Clinical and echocardiographic outcomes after repair of mitral valve bileaflet prolapse due to myxomatous disease.

J Thorac Cardiovasc Surg 2012 Apr 4;143(4 Suppl):S8-11. Epub 2012 Feb 4.

Division of Cardiac Surgery, University of Ottawa, Ottawa, Ontario, Canada.

Objective: Repair of mitral regurgitation (MR) due to bileaflet prolapse poses many technical challenges. The late outcomes after repair are also not well characterized in this population. Published series have often included patients with mixed causes of prolapse and/or lack long-term echocardiographic follow-up. Myxomatous disease represents an important cause of bileaflet prolapse and MR and, thus, served as the focus of the present study.
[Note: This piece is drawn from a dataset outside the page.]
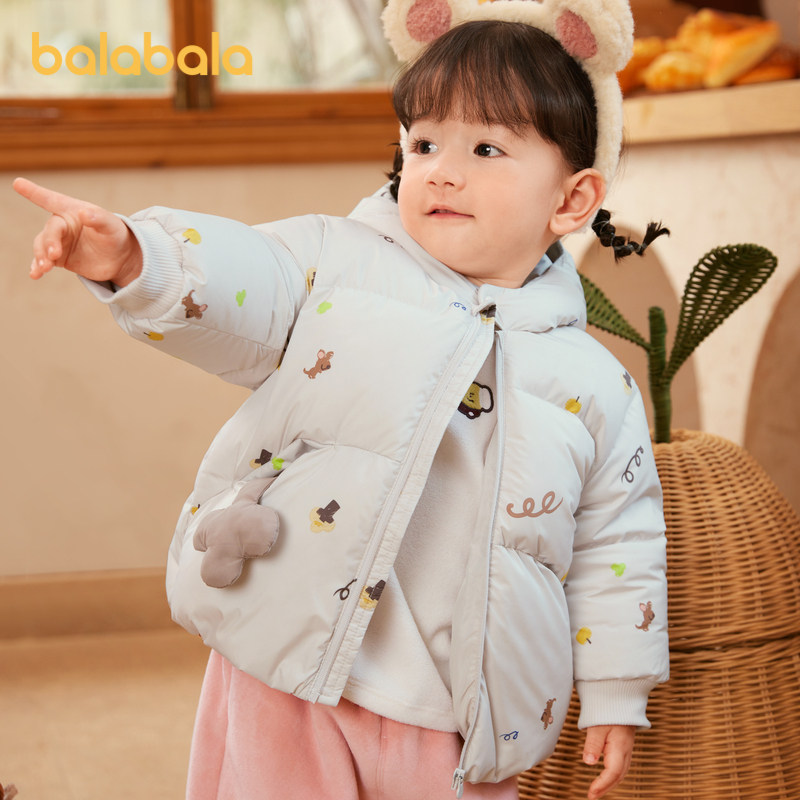 巴拉巴拉婴儿鹅绒羽绒服男童冬季2024新款女童短款外套保暖萌趣潮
Methods: A total of 142 patients, mean age 60.4 ± 13.2 years, underwent mitral valve (MV) repair of bileaflet prolapse due to myxomatous disease from 2001 to 2010. Concomitant coronary artery bypass grafting was performed in 16 patients (11%). All patients were followed up by a dedicated MV clinic with a follow-up interval that extended up to 8.6 years.

Results: No hospital deaths occurred. Ring annuloplasty was used for all patients. Additional MV repair techniques included chordal transfer in 73, a hybrid-flip-over technique in 23, polytetrafluoroethylene neochords in 26, edge-to-edge repair in 11, and commissuroplasty in 9. Prolapse involving more than 1 posterior leaflet scallop was observed in 103 patients (73%), and prolapse of more than 1 anterior leaflet scallop was observed in 76 (54%). During follow-up, 4 patients had MR grade 2+ or greater, and 2 patients required subsequent MV reoperation. The 5-year survival, freedom from recurrent MR (≥ 2+), and freedom from MV reoperation was 95.2% ± 2.8%, 92.6% ± 3.9%, and 94.0% ± 4.9%, respectively.

Conclusions: MV repair of bileaflet prolapse due to myxomatous disease is safe and durable. Successful repair often requires a combination of surgical repair techniques.